Your objective - In the entries below, find the line containing "Get your free" and the line containing "Next question: When". Copy those two lines and everything between them exactly, without the pictures.
────────────────
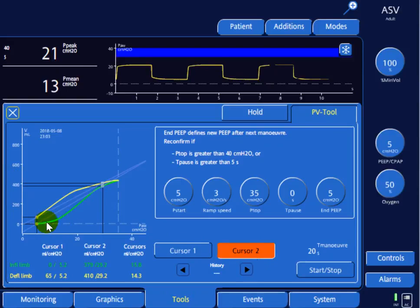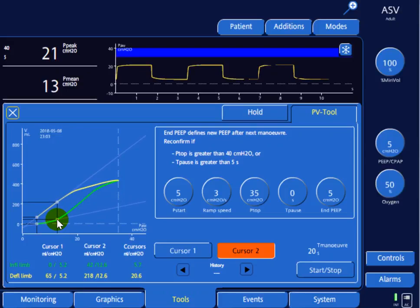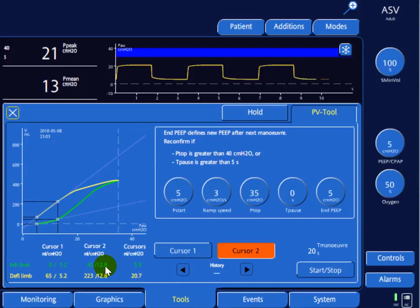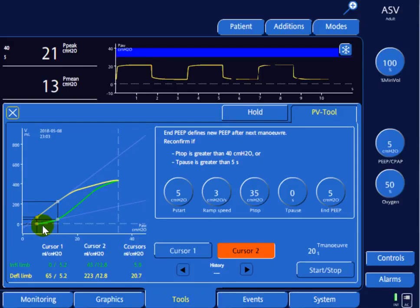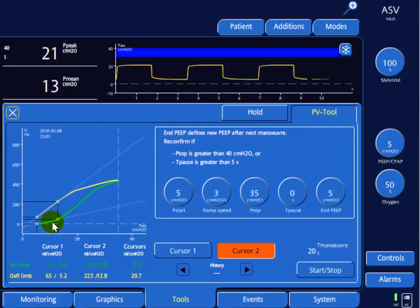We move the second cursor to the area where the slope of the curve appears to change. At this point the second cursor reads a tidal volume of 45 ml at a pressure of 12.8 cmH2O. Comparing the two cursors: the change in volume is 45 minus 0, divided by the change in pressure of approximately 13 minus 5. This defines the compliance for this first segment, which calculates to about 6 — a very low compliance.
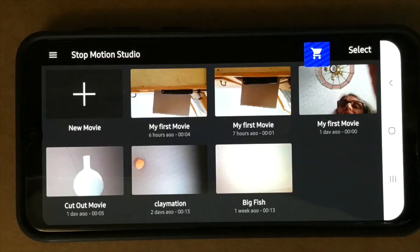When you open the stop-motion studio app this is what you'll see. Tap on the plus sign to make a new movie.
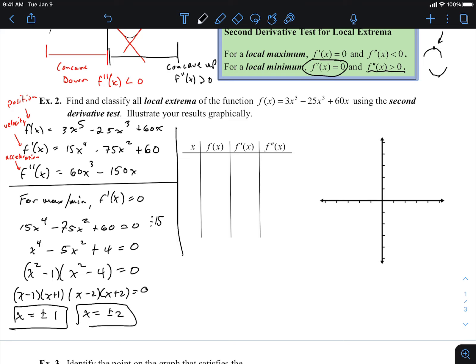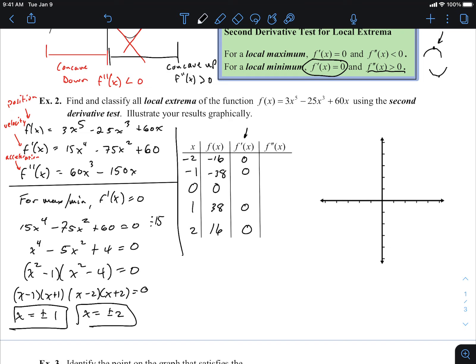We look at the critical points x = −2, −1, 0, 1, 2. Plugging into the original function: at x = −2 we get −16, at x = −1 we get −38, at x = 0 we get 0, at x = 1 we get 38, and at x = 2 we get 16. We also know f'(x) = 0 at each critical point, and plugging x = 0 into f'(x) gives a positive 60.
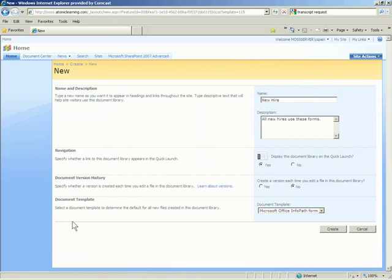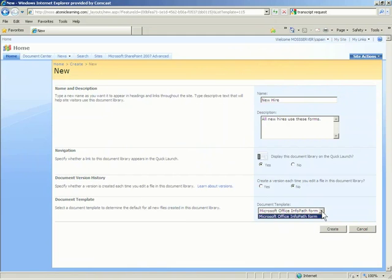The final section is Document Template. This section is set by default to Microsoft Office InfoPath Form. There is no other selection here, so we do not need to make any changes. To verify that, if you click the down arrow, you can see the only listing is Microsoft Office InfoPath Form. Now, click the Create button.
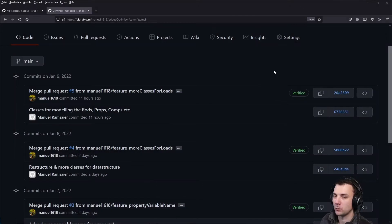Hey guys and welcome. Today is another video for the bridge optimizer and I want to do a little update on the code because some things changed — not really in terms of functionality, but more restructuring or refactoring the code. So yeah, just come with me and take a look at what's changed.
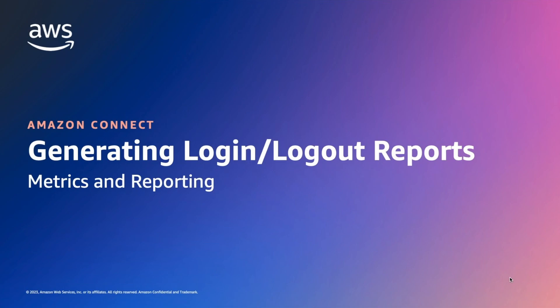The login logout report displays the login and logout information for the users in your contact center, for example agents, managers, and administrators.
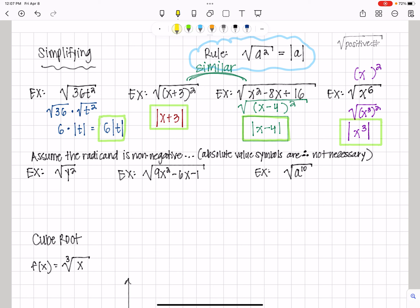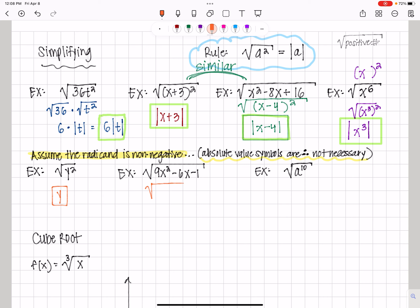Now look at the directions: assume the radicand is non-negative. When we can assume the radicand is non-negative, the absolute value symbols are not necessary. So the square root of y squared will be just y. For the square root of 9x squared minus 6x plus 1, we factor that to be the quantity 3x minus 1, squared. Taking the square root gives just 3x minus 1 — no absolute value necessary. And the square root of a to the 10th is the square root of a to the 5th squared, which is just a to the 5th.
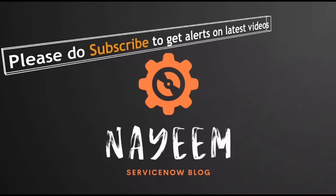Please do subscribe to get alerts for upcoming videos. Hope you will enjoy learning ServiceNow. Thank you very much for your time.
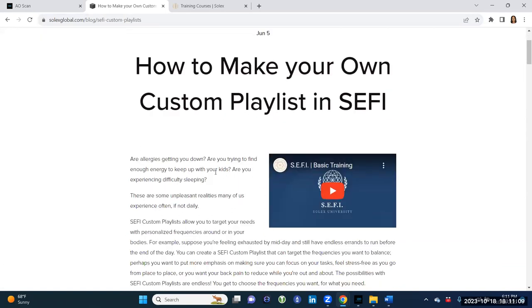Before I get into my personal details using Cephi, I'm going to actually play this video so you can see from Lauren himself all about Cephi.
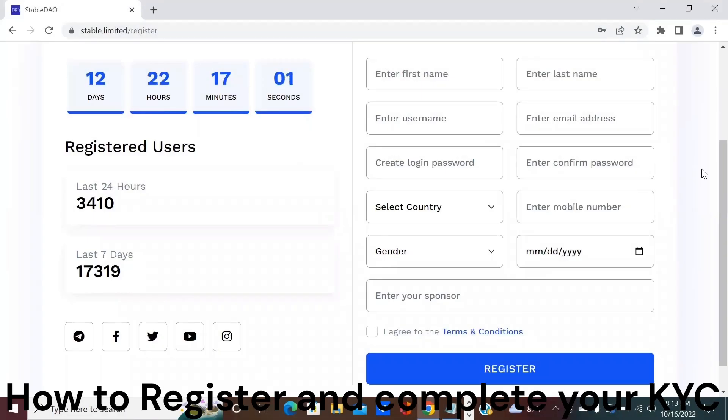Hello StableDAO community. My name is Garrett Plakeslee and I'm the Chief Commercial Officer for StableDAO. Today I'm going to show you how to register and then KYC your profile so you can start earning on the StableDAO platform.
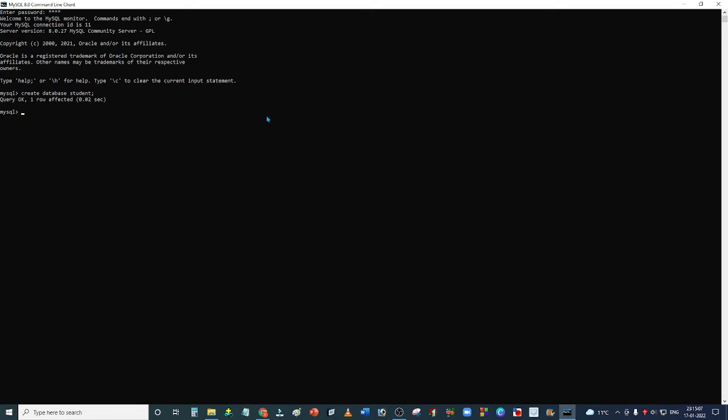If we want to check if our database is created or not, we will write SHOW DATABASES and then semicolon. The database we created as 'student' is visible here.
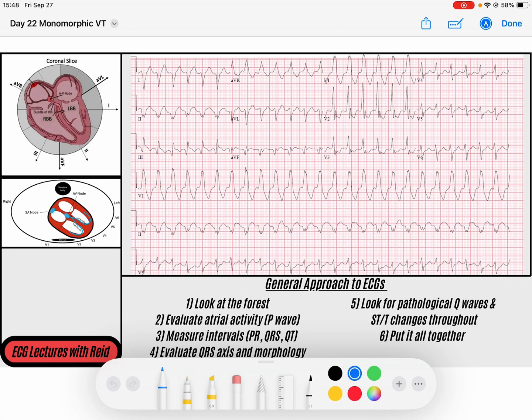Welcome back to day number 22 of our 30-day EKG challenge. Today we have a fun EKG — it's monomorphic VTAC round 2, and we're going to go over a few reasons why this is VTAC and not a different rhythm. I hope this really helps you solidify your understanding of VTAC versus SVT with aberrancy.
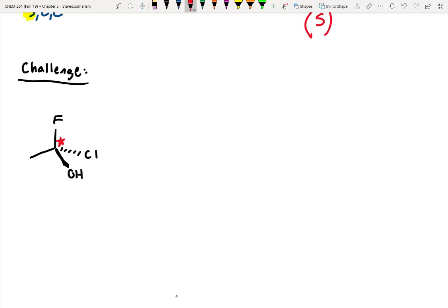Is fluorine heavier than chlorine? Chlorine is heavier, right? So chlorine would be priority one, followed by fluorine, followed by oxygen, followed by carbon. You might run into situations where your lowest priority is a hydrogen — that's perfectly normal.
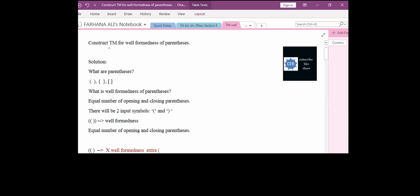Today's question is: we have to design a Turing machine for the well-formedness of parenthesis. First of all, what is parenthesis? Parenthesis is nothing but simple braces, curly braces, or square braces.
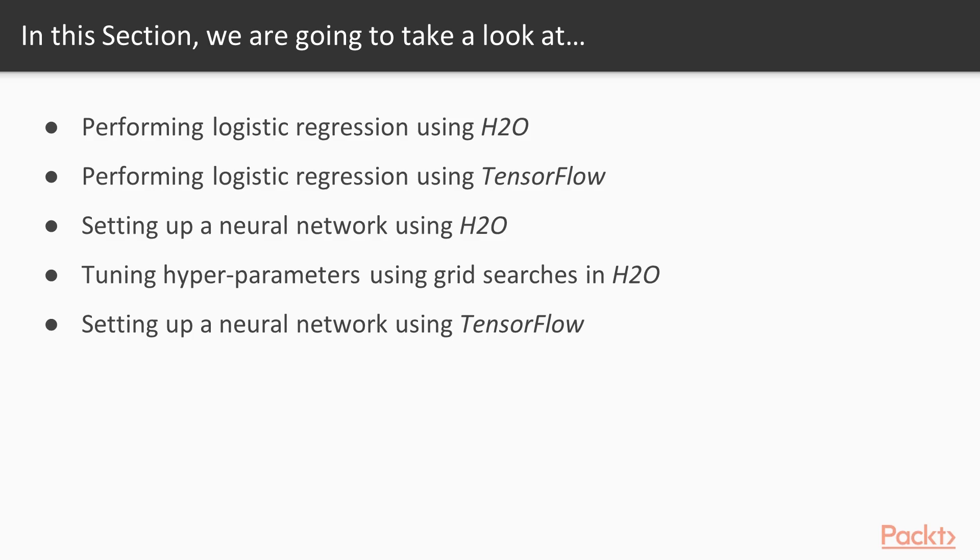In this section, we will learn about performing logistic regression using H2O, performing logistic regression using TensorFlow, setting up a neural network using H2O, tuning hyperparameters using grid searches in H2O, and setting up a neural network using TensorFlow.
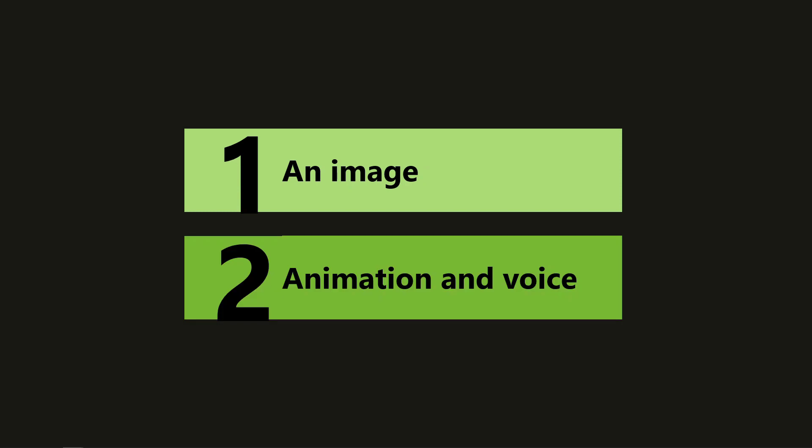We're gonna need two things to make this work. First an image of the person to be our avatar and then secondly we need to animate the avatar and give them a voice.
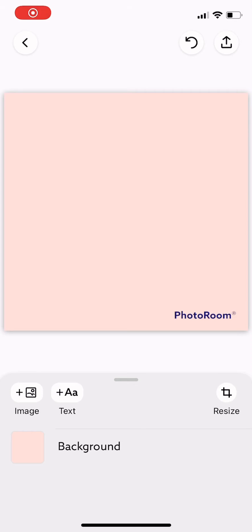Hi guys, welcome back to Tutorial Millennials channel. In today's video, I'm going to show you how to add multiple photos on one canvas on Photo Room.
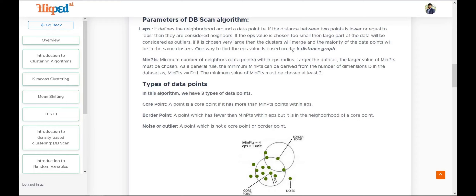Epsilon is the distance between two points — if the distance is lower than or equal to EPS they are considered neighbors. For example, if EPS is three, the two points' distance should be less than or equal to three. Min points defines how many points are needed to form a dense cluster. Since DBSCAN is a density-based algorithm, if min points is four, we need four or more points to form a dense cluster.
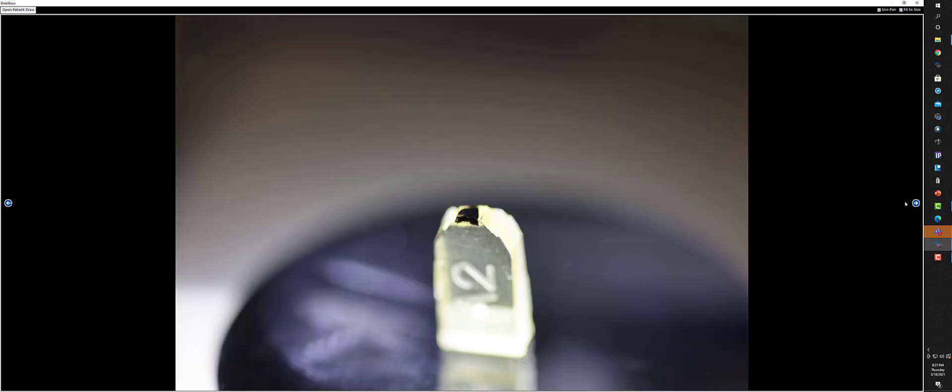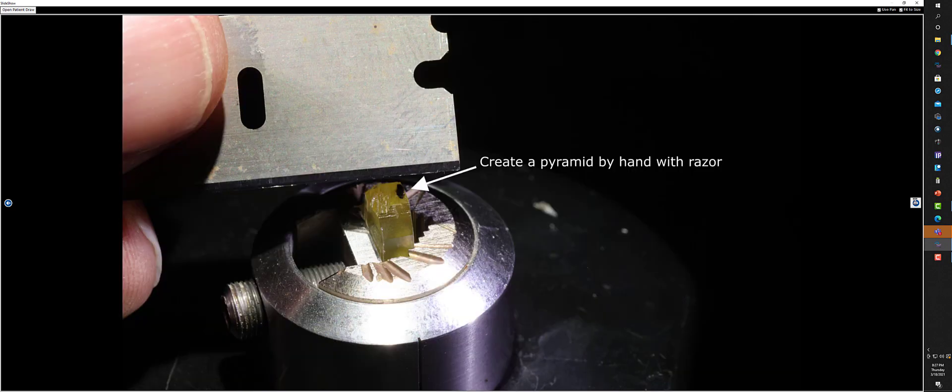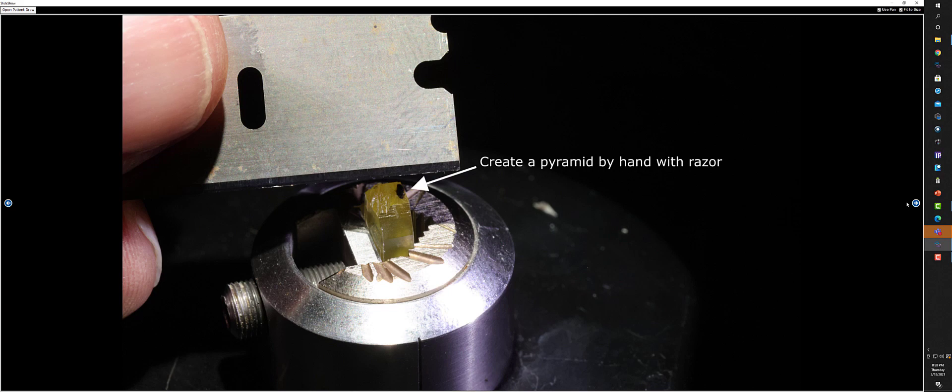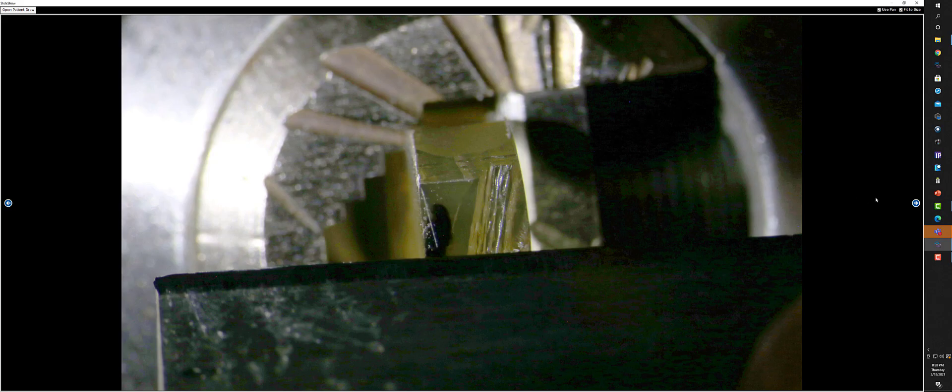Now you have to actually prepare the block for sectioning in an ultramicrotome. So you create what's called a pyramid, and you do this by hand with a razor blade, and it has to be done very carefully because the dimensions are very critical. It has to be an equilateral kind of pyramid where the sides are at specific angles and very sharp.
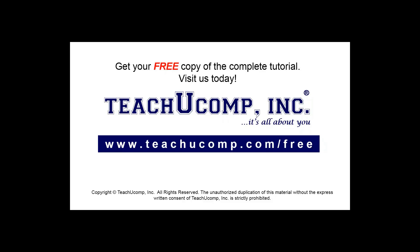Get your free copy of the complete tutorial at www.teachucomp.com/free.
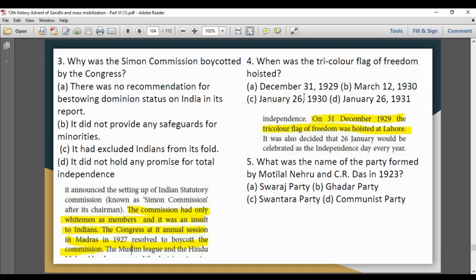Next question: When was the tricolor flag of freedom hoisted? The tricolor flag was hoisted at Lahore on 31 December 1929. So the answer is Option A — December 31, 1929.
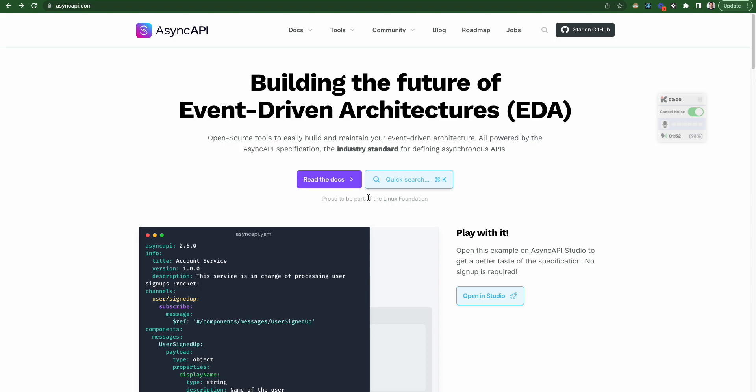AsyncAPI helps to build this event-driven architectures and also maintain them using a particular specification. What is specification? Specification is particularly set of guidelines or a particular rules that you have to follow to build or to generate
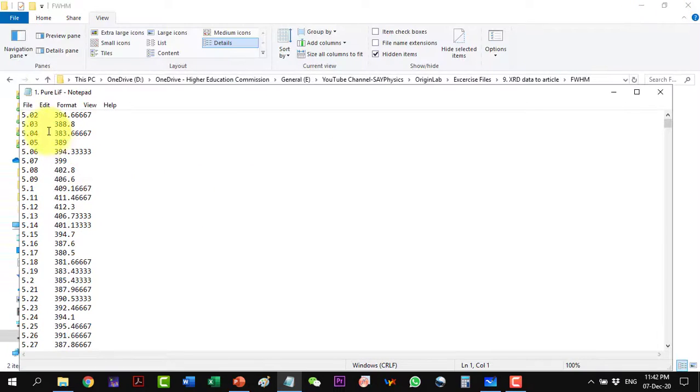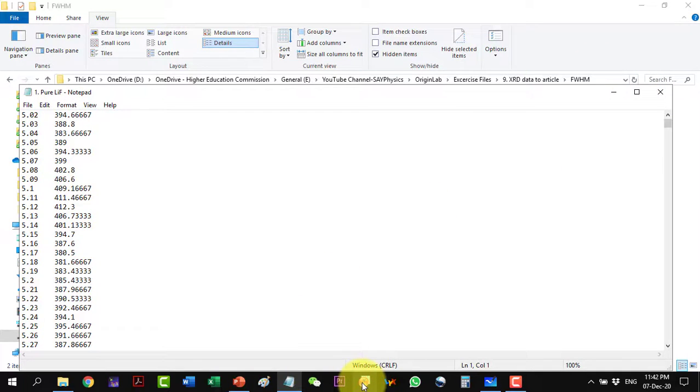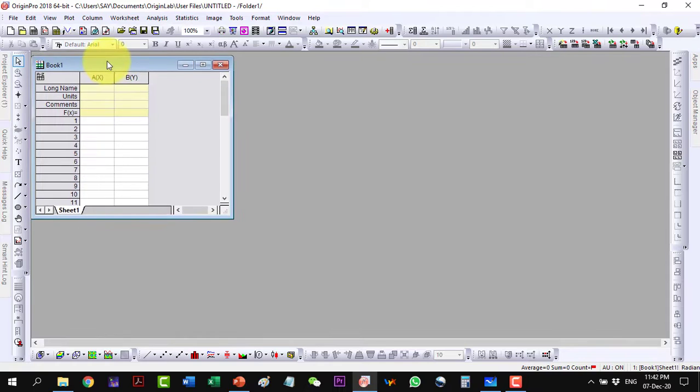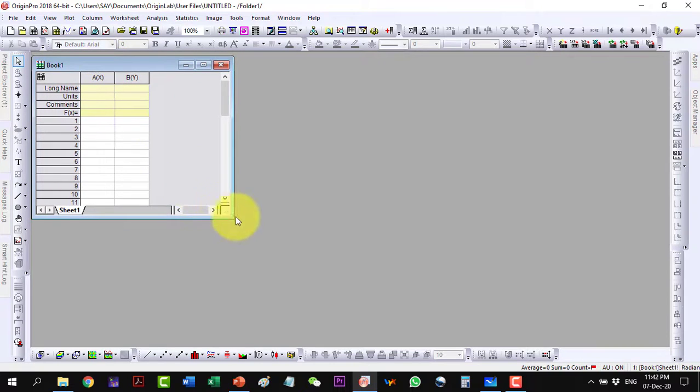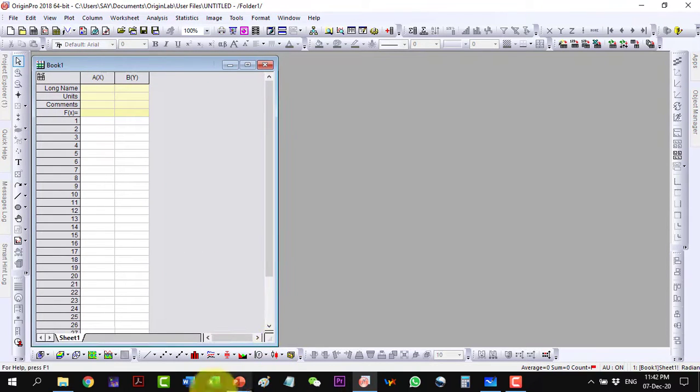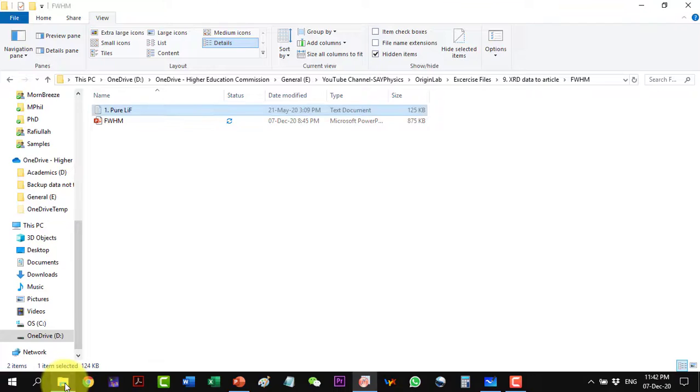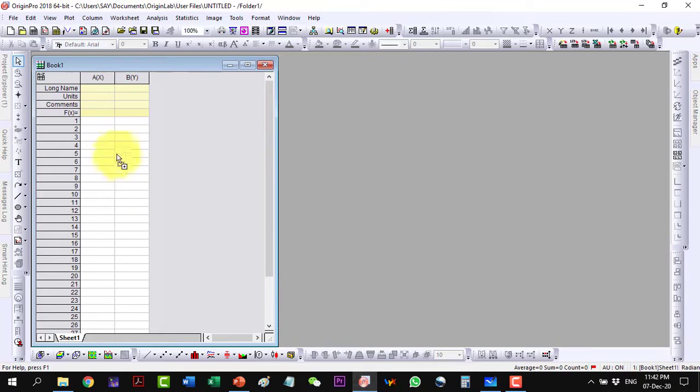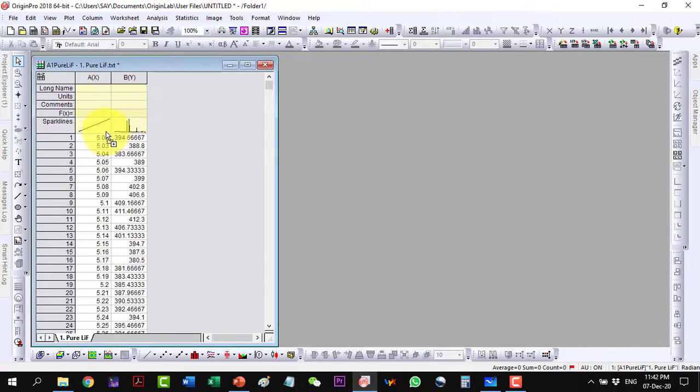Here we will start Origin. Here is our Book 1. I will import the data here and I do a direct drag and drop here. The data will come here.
────────────────
Solution to this exercise -
Get your free copy of the complete tutorial at www.teachucomp.com/free.
Next question: When was the tricolor flag of freedom hoisted? The tricolor flag was hoisted at Lahore on 31 December 1929. So the answer is Option A — December 31, 1929.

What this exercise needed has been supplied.